Civil Rights law involves the protection of all humans to be free in their person and property from harm caused by others. In California, a defendant may be liable for violating your civil rights if they interfere or intend to interfere with your civil rights by threats, coercion, or intimidation. “The Bane Act permits an individual to pursue a civil action for damages where another person ‘interferes by threat, intimidation, or coercion, or attempts to interfere by threat, intimidation, or coercion, with the exercise or enjoyment by any individual or individuals of rights secured by the Constitution or laws of the United States, or of the rights secured by the Constitution or laws of this state.’ ‘The essence of a Bane Act claim is that the defendant, by the specified improper means (i.e., “threat[], intimidation or coercion”), tried to or did prevent the plaintiff from doing something he or she had the right to do under the law or to force the plaintiff to do something that he or she was not required to do under the law.’ ” (King v. State of California (2015) 242 Cal.App.4th 265,294 [195 Cal.Rptr.3d 286], internal citation omitted.)

Other important civil rights protections include:

Thirteenth Amendment P.L. 38-11; 13 Stat. 567; P.L. 38-52
13 Stat. 774–775
Abolished slavery and involuntary servitude, except as punishment for a crime. Approved by the 38th Congress (1863–1865) as S.J. Res. 16; ratified by the states on December 6, 1865.
Civil Rights Act of 1866 14 Stat. 27–30 Guaranteed the rights of all citizens to make and enforce contracts and to purchase, sell, or lease property. Passed by the 39th Congress (1865–1867) as S.R. 61.

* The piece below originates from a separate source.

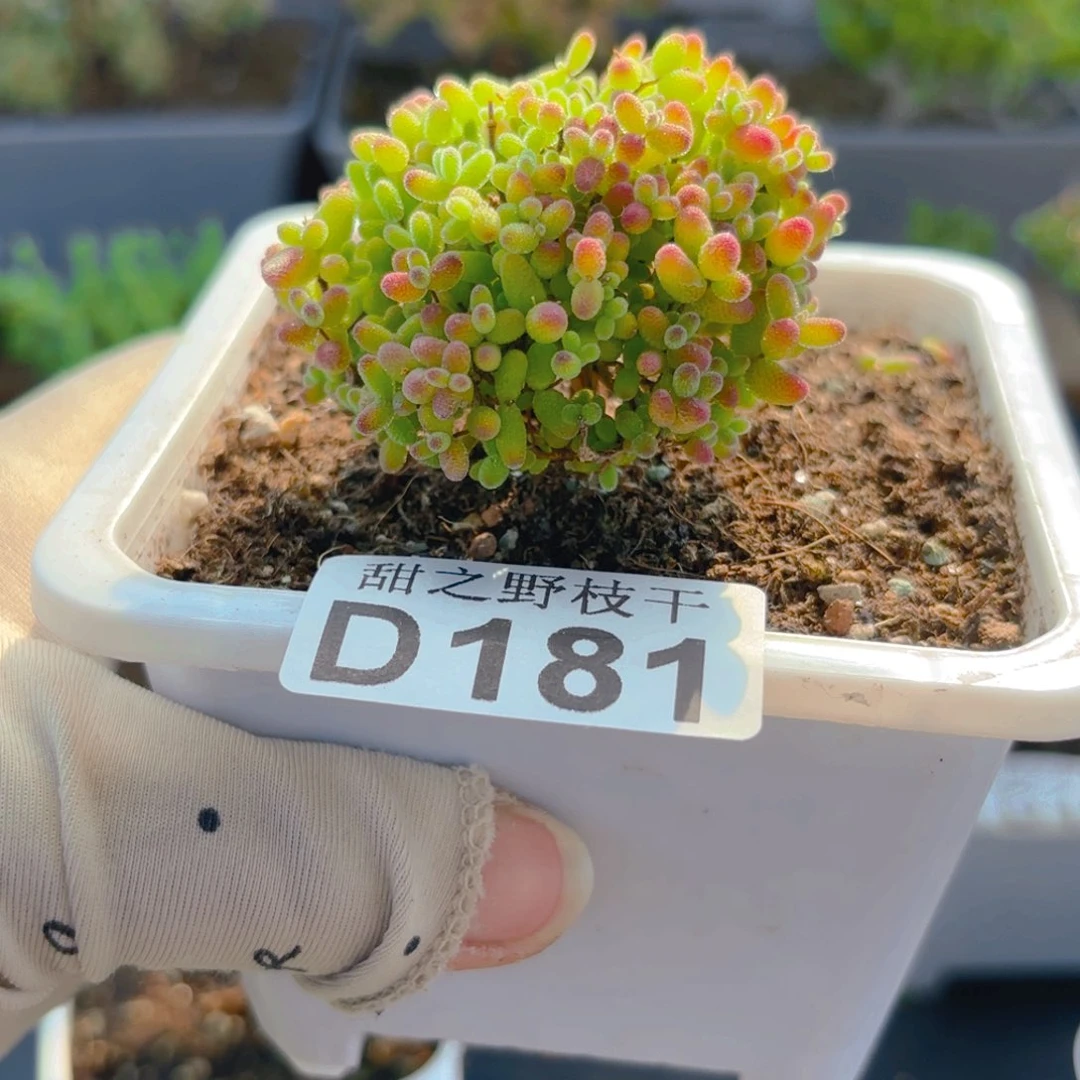 鹏****?蜜橘糖球181。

Fourteenth Amendment 14 Stat. 358–359 Declared that all persons born or naturalized in the U.S. were citizens and that any state that denied or abridged the voting rights of males over the age of 21 would be subject to proportional reductions in its representation in the U.S. House of Representatives. Approved by the 39th Congress (1865–1867) as H.J. Res. 127; ratified by the states on July 9, 1868.
Fifteenth Amendment P.L. 40-14; 15 Stat. 346 Forbade any state to deprive a citizen of his vote because of race, color, or previous condition of servitude. Approved by the 40th Congress (1867–1869) as S.J. Res. 8; ratified by the states on February 3, 1870.